• **What is expected**
Take the records below and write them out again exactly.

(Saved data entries)
= = = = =
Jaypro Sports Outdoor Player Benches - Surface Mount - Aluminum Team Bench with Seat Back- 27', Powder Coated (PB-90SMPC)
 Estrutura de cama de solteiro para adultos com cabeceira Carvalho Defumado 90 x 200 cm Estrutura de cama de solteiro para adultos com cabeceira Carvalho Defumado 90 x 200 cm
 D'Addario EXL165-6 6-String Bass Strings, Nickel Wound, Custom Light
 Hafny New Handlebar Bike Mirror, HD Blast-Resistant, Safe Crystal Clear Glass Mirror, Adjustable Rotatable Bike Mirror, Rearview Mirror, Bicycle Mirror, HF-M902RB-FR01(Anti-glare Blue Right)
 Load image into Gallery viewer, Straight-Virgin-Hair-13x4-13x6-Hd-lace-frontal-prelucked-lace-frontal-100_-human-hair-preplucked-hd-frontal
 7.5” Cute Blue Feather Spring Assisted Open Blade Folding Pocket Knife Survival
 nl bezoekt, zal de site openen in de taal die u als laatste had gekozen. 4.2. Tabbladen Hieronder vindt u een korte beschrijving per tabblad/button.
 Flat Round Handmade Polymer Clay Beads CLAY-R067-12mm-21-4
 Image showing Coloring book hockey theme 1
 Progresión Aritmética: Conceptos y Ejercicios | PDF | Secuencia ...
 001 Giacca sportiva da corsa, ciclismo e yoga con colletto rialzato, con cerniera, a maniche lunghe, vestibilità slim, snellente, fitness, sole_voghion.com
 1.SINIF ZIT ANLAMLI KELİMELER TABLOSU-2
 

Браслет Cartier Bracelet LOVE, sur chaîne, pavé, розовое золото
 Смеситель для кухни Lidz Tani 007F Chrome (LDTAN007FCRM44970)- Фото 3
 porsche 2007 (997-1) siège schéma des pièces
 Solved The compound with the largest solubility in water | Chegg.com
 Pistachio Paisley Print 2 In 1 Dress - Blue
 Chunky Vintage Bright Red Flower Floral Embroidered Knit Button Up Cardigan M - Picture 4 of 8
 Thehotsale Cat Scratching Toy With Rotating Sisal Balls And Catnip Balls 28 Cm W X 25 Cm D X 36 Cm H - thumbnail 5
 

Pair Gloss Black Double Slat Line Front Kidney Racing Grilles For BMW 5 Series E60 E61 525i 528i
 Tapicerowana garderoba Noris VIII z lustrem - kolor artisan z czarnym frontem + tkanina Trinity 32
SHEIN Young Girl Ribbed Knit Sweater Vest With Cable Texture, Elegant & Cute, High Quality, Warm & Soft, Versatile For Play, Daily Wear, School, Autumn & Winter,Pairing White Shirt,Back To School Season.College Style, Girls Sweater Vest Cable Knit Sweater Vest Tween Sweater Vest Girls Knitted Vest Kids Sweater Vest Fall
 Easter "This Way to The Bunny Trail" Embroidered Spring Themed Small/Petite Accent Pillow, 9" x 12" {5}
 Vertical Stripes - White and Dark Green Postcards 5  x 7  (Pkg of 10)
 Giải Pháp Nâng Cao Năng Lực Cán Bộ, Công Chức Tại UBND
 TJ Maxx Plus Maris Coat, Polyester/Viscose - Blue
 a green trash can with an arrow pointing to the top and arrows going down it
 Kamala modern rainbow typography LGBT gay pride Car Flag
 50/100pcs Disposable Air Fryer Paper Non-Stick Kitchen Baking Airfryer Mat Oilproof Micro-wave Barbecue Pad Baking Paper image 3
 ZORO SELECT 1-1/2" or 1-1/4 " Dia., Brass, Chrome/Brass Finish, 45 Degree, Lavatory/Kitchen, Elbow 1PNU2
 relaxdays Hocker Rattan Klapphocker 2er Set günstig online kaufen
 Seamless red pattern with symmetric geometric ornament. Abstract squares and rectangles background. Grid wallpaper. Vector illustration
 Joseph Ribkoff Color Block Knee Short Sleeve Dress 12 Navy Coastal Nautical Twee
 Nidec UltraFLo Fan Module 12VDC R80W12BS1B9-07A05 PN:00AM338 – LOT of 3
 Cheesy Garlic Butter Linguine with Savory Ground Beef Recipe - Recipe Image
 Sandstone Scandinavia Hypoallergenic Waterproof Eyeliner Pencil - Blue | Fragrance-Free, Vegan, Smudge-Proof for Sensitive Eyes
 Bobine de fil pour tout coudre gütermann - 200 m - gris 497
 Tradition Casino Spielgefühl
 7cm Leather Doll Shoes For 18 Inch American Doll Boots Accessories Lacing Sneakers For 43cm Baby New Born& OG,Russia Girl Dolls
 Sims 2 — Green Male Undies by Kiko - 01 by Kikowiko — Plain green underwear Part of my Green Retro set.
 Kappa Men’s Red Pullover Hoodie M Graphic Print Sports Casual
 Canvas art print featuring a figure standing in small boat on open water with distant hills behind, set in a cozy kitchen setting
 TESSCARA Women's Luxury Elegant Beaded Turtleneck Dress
= = = = =
• **Exercise output**
Jaypro Sports Outdoor Player Benches - Surface Mount - Aluminum Team Bench with Seat Back- 27', Powder Coated (PB-90SMPC)
 Estrutura de cama de solteiro para adultos com cabeceira Carvalho Defumado 90 x 200 cm Estrutura de cama de solteiro para adultos com cabeceira Carvalho Defumado 90 x 200 cm
 D'Addario EXL165-6 6-String Bass Strings, Nickel Wound, Custom Light
 Hafny New Handlebar Bike Mirror, HD Blast-Resistant, Safe Crystal Clear Glass Mirror, Adjustable Rotatable Bike Mirror, Rearview Mirror, Bicycle Mirror, HF-M902RB-FR01(Anti-glare Blue Right)
 Load image into Gallery viewer, Straight-Virgin-Hair-13x4-13x6-Hd-lace-frontal-prelucked-lace-frontal-100_-human-hair-preplucked-hd-frontal
 7.5” Cute Blue Feather Spring Assisted Open Blade Folding Pocket Knife Survival
 nl bezoekt, zal de site openen in de taal die u als laatste had gekozen. 4.2. Tabbladen Hieronder vindt u een korte beschrijving per tabblad/button.
 Flat Round Handmade Polymer Clay Beads CLAY-R067-12mm-21-4
 Image showing Coloring book hockey theme 1
 Progresión Aritmética: Conceptos y Ejercicios | PDF | Secuencia ...
 001 Giacca sportiva da corsa, ciclismo e yoga con colletto rialzato, con cerniera, a maniche lunghe, vestibilità slim, snellente, fitness, sole_voghion.com
 1.SINIF ZIT ANLAMLI KELİMELER TABLOSU-2
 

Браслет Cartier Bracelet LOVE, sur chaîne, pavé, розовое золото
 Смеситель для кухни Lidz Tani 007F Chrome (LDTAN007FCRM44970)- Фото 3
 porsche 2007 (997-1) siège schéma des pièces
 Solved The compound with the largest solubility in water | Chegg.com
 Pistachio Paisley Print 2 In 1 Dress - Blue
 Chunky Vintage Bright Red Flower Floral Embroidered Knit Button Up Cardigan M - Picture 4 of 8
 Thehotsale Cat Scratching Toy With Rotating Sisal Balls And Catnip Balls 28 Cm W X 25 Cm D X 36 Cm H - thumbnail 5
 

Pair Gloss Black Double Slat Line Front Kidney Racing Grilles For BMW 5 Series E60 E61 525i 528i
 Tapicerowana garderoba Noris VIII z lustrem - kolor artisan z czarnym frontem + tkanina Trinity 32
SHEIN Young Girl Ribbed Knit Sweater Vest With Cable Texture, Elegant & Cute, High Quality, Warm & Soft, Versatile For Play, Daily Wear, School, Autumn & Winter,Pairing White Shirt,Back To School Season.College Style, Girls Sweater Vest Cable Knit Sweater Vest Tween Sweater Vest Girls Knitted Vest Kids Sweater Vest Fall
 Easter "This Way to The Bunny Trail" Embroidered Spring Themed Small/Petite Accent Pillow, 9" x 12" {5}
 Vertical Stripes - White and Dark Green Postcards 5  x 7  (Pkg of 10)
 Giải Pháp Nâng Cao Năng Lực Cán Bộ, Công Chức Tại UBND
 TJ Maxx Plus Maris Coat, Polyester/Viscose - Blue
 a green trash can with an arrow pointing to the top and arrows going down it
 Kamala modern rainbow typography LGBT gay pride Car Flag
 50/100pcs Disposable Air Fryer Paper Non-Stick Kitchen Baking Airfryer Mat Oilproof Micro-wave Barbecue Pad Baking Paper image 3
 ZORO SELECT 1-1/2" or 1-1/4 " Dia., Brass, Chrome/Brass Finish, 45 Degree, Lavatory/Kitchen, Elbow 1PNU2
 relaxdays Hocker Rattan Klapphocker 2er Set günstig online kaufen
 Seamless red pattern with symmetric geometric ornament. Abstract squares and rectangles background. Grid wallpaper. Vector illustration
 Joseph Ribkoff Color Block Knee Short Sleeve Dress 12 Navy Coastal Nautical Twee
 Nidec UltraFLo Fan Module 12VDC R80W12BS1B9-07A05 PN:00AM338 – LOT of 3
 Cheesy Garlic Butter Linguine with Savory Ground Beef Recipe - Recipe Image
 Sandstone Scandinavia Hypoallergenic Waterproof Eyeliner Pencil - Blue | Fragrance-Free, Vegan, Smudge-Proof for Sensitive Eyes
 Bobine de fil pour tout coudre gütermann - 200 m - gris 497
 Tradition Casino Spielgefühl
 7cm Leather Doll Shoes For 18 Inch American Doll Boots Accessories Lacing Sneakers For 43cm Baby New Born& OG,Russia Girl Dolls
 Sims 2 — Green Male Undies by Kiko - 01 by Kikowiko — Plain green underwear Part of my Green Retro set.
 Kappa Men’s Red Pullover Hoodie M Graphic Print Sports Casual
 Canvas art print featuring a figure standing in small boat on open water with distant hills behind, set in a cozy kitchen setting
 TESSCARA Women's Luxury Elegant Beaded Turtleneck Dress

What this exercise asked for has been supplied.